> TASK REQUIREMENTS
Look below for the line with "A professional welder" and the line with "A charming and". Copy exactly those two lines and every line between, but not the pictures.

> RECORD EXCERPTS
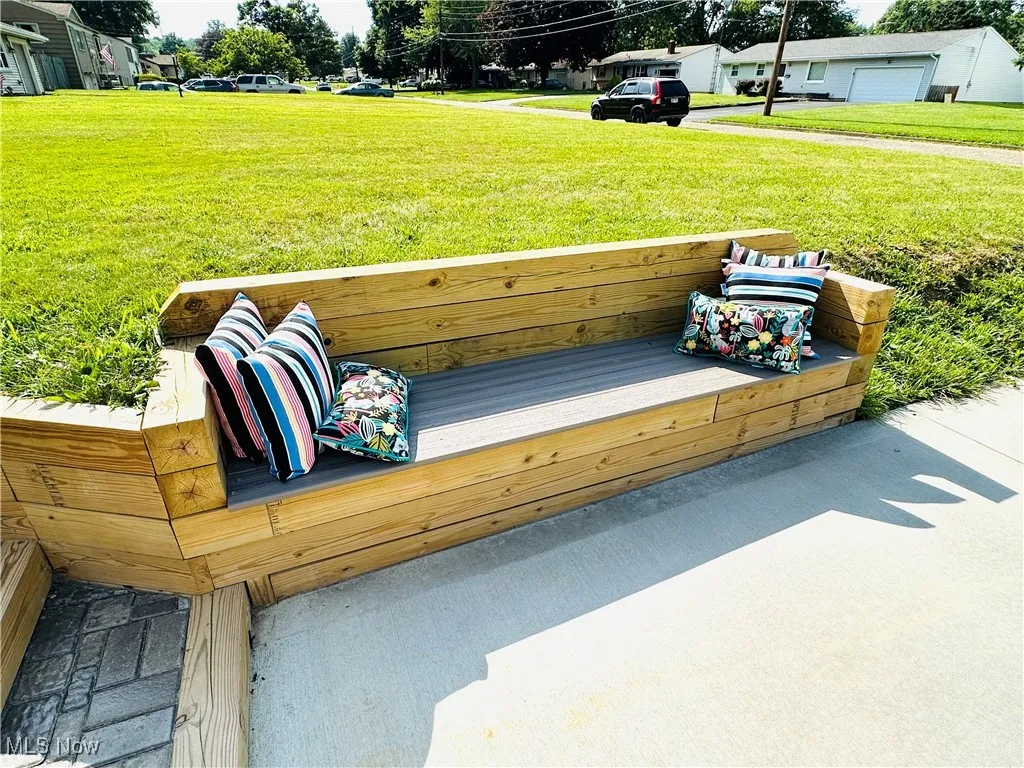 Deck with a yard and close up of custom bench.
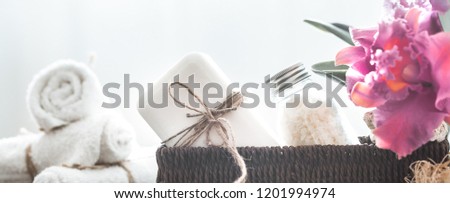 Spa items in a wicker stand on a light background with a tropical orchid, body care concept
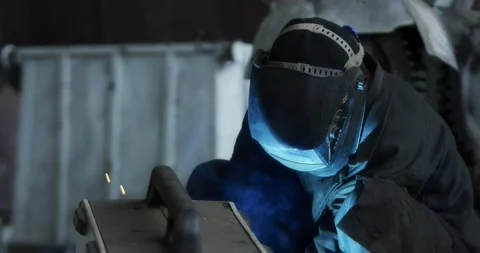 A professional welder makes steel structures at the factory. Stock Footage 166026246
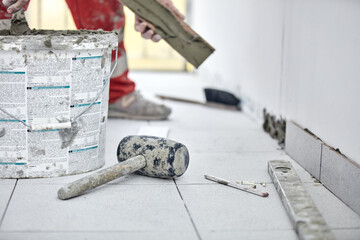 Wall Mural - Ceramics tile man worker placing new tiles on the floor and wall.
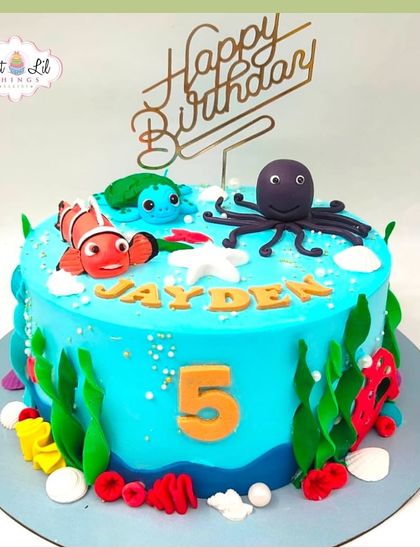 An underwater adventure for Jayden's 5th birthday. This cake features characters from Finding Nemo, including Nemo, Squirt, and an octopus.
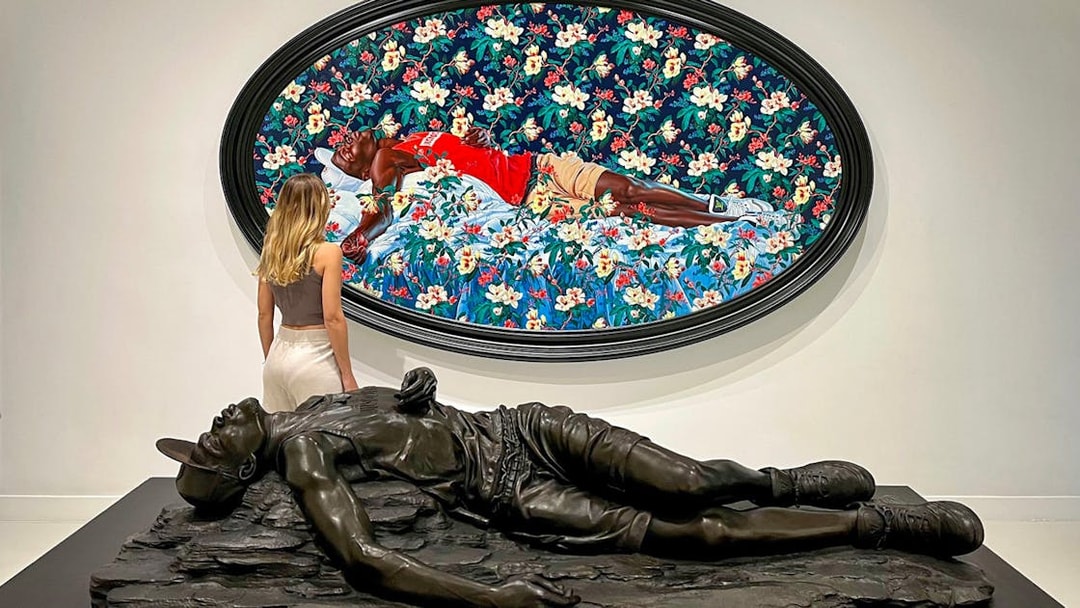 Visitor admiring art at Moco Museum, Barcelona, with a colorful painting and sculpture.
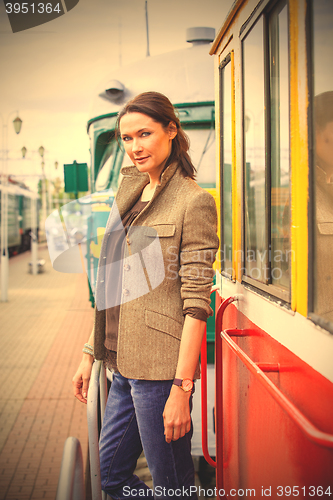 Image of woman on the background of the train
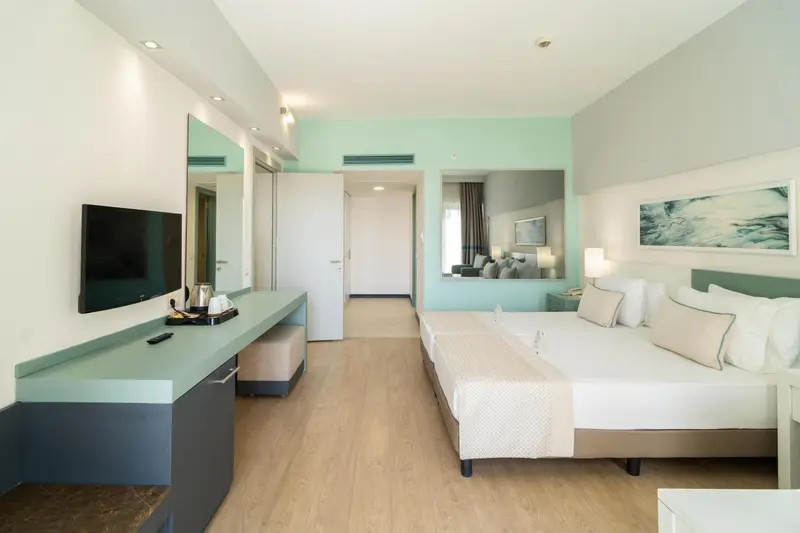 Chambre lumineuse avec un grand lit et un téléviseur à écran plat.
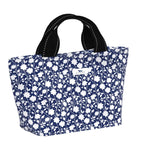 Blue floral-patterned lunch bag with black handles on a white background. Available at Be Charmed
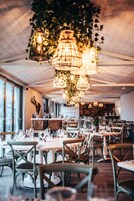 Interior de restaurante con mesas y sillas de madera, luces colgantes y vistas amplias a través de grandes ventanales.
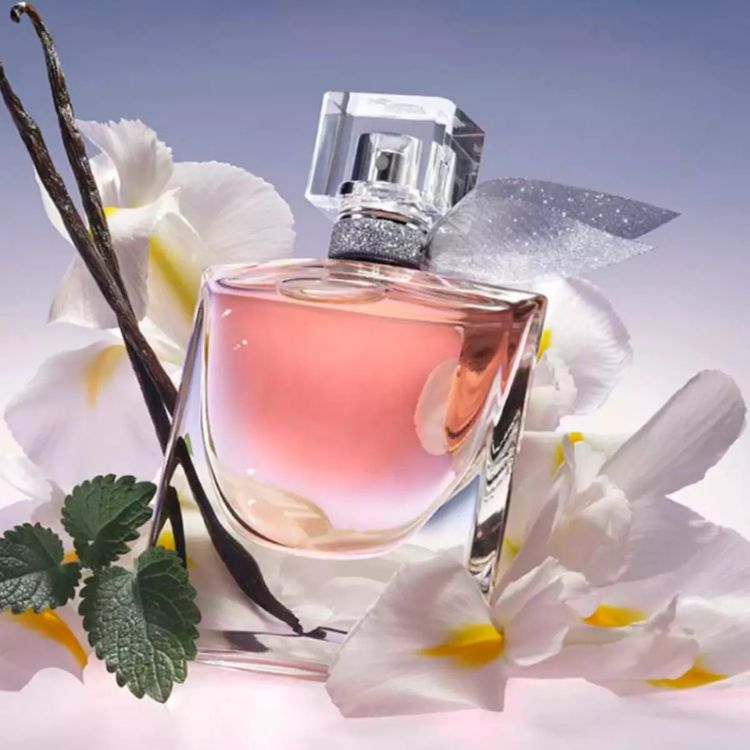 Um frasco de perfume rosado e multifacetado, "La Vie Est Belle", é o centro de uma composição floral. Rodeado por orquídeas brancas e ramos de baunilha, transmite uma sensação de feminilidade e doçura - perfumes femininos amadeirados.
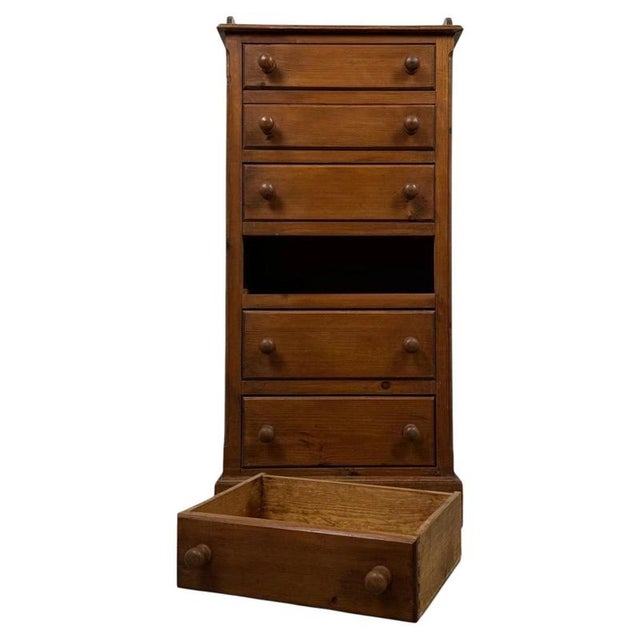 A charming and highly practical vintage 20th-century narrow chest of drawers, well constructed in pine and distinguished...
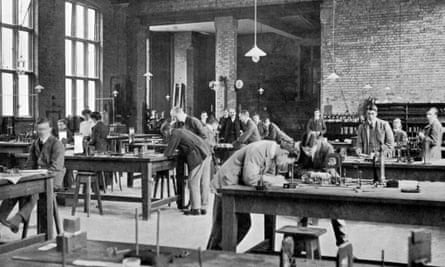 Black and white photograph of the inside of a large, high-ceilinged brick building.  Lights hang down from long chains over wooden tables where students – mostly male – in Edwardian suits and coats, examine technical equipment.  Two possibly female figures can also be seen.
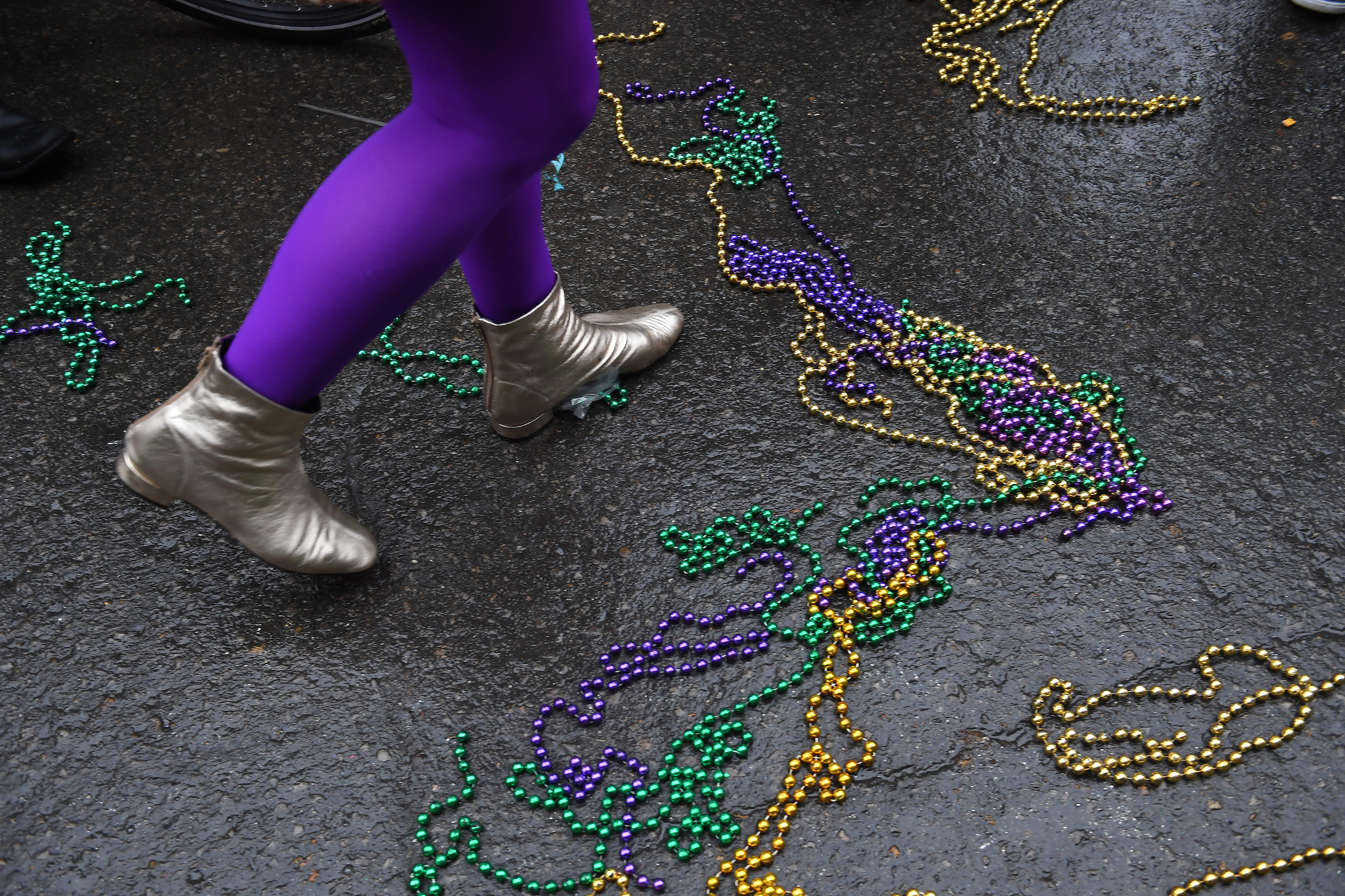 A person walks among beads during a parade on Feb. 17, 2017, in New Orleans. (The Washington Post / Getty Images)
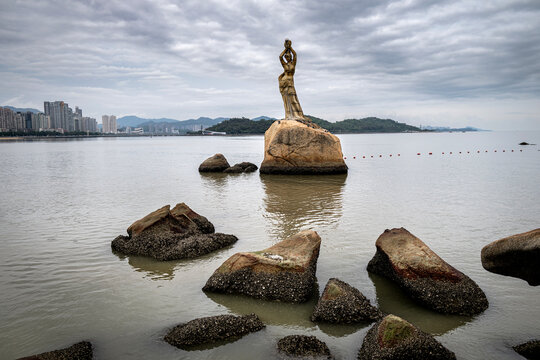 A striking statue of the Fisher Girl sits on a rock by Zhuhai's calm waters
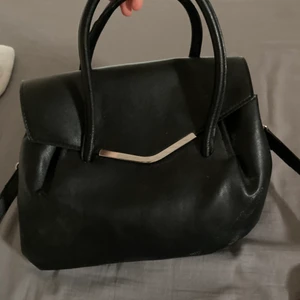 En svart handväska - En svart handväska. Kommer inte ihåg var den är köpt då den är rätt gammal men aldrig kommit till användning.
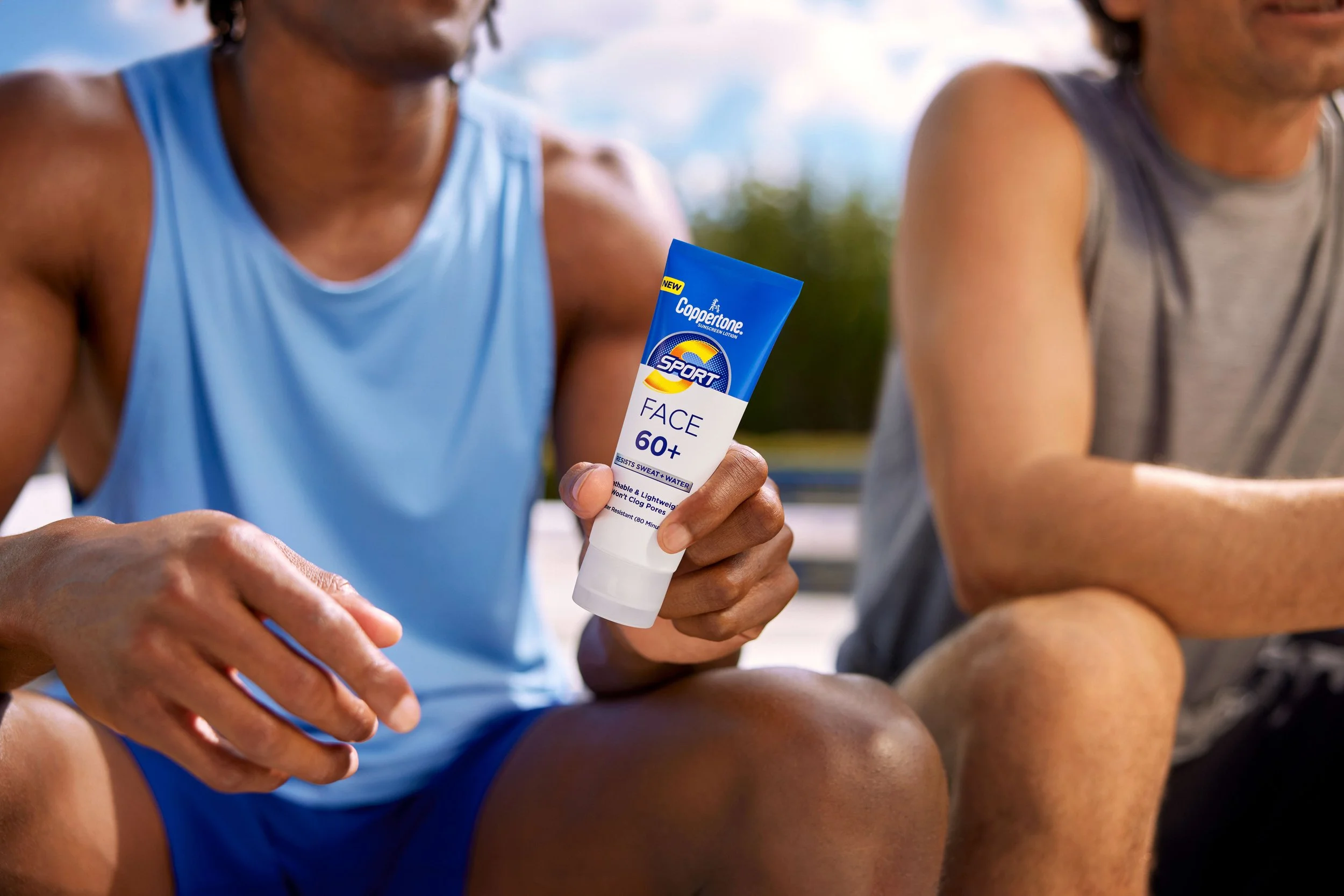 A person in a blue sports shirt applying Coppertone Sport sunscreen lotion to their arm during outdoor activity.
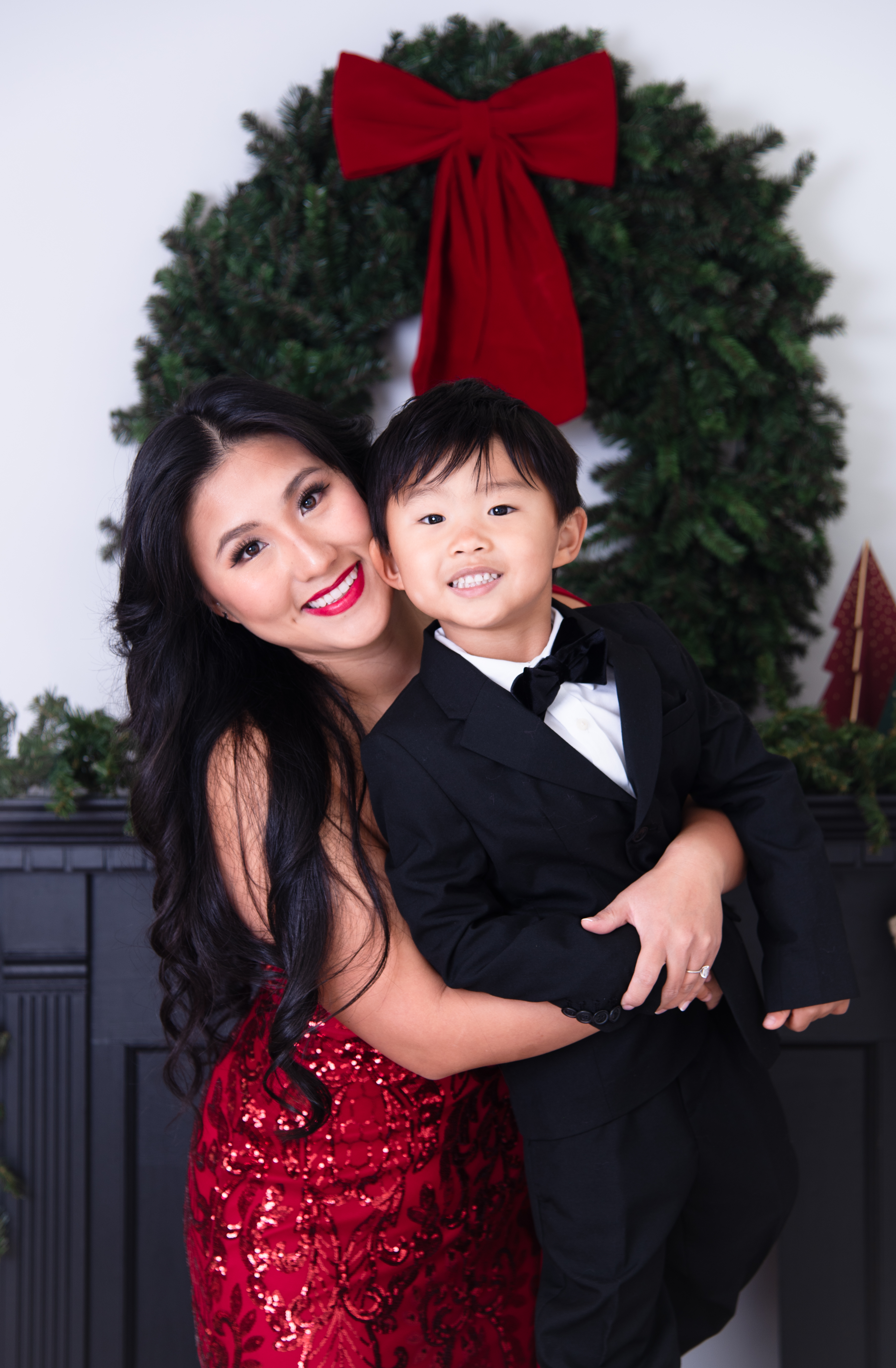 boy and his mother Miss Idaho 2025 smiling in their holiday dress up at Flaming and Palm Studio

> FINISHED TASK
 A professional welder makes steel structures at the factory. Stock Footage 166026246
 Wall Mural - Ceramics tile man worker placing new tiles on the floor and wall.
 An underwater adventure for Jayden's 5th birthday. This cake features characters from Finding Nemo, including Nemo, Squirt, and an octopus.
 Visitor admiring art at Moco Museum, Barcelona, with a colorful painting and sculpture.
 Image of woman on the background of the train
 Chambre lumineuse avec un grand lit et un téléviseur à écran plat.
 Blue floral-patterned lunch bag with black handles on a white background. Available at Be Charmed
 Interior de restaurante con mesas y sillas de madera, luces colgantes y vistas amplias a través de grandes ventanales.
 Um frasco de perfume rosado e multifacetado, "La Vie Est Belle", é o centro de uma composição floral. Rodeado por orquídeas brancas e ramos de baunilha, transmite uma sensação de feminilidade e doçura - perfumes femininos amadeirados.
 A charming and highly practical vintage 20th-century narrow chest of drawers, well constructed in pine and distinguished...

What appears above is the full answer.